──────── Collected data
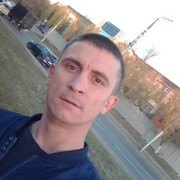  ,   , 37 ,   ,   , c 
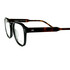 William Morris 30170 6735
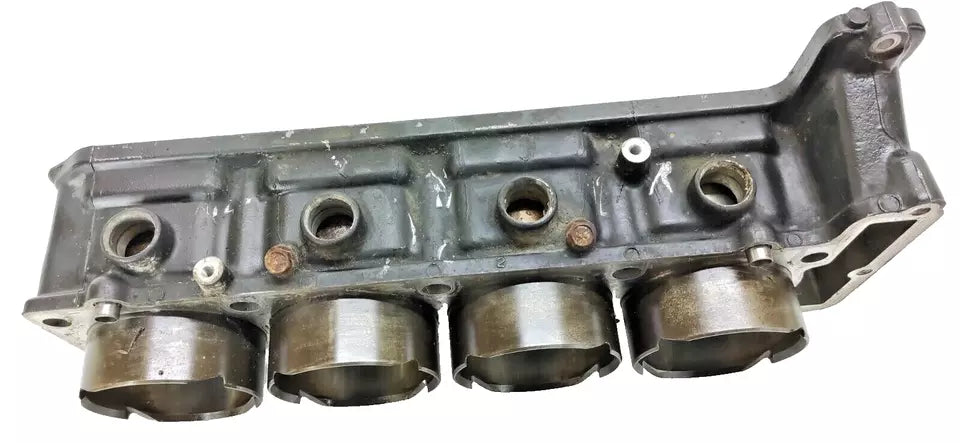 Cylindre 74mm Kawasaki 1000 GTR 1986 Réf : 11005-1430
────────────────
* _Work instruction_
Begin the copy at the line containing "William Morris 30170 6735" and end it at the final line of the material above, reproducing each line exactly and omitting pictures.

* _Response below_
 William Morris 30170 6735
 Cylindre 74mm Kawasaki 1000 GTR 1986 Réf : 11005-1430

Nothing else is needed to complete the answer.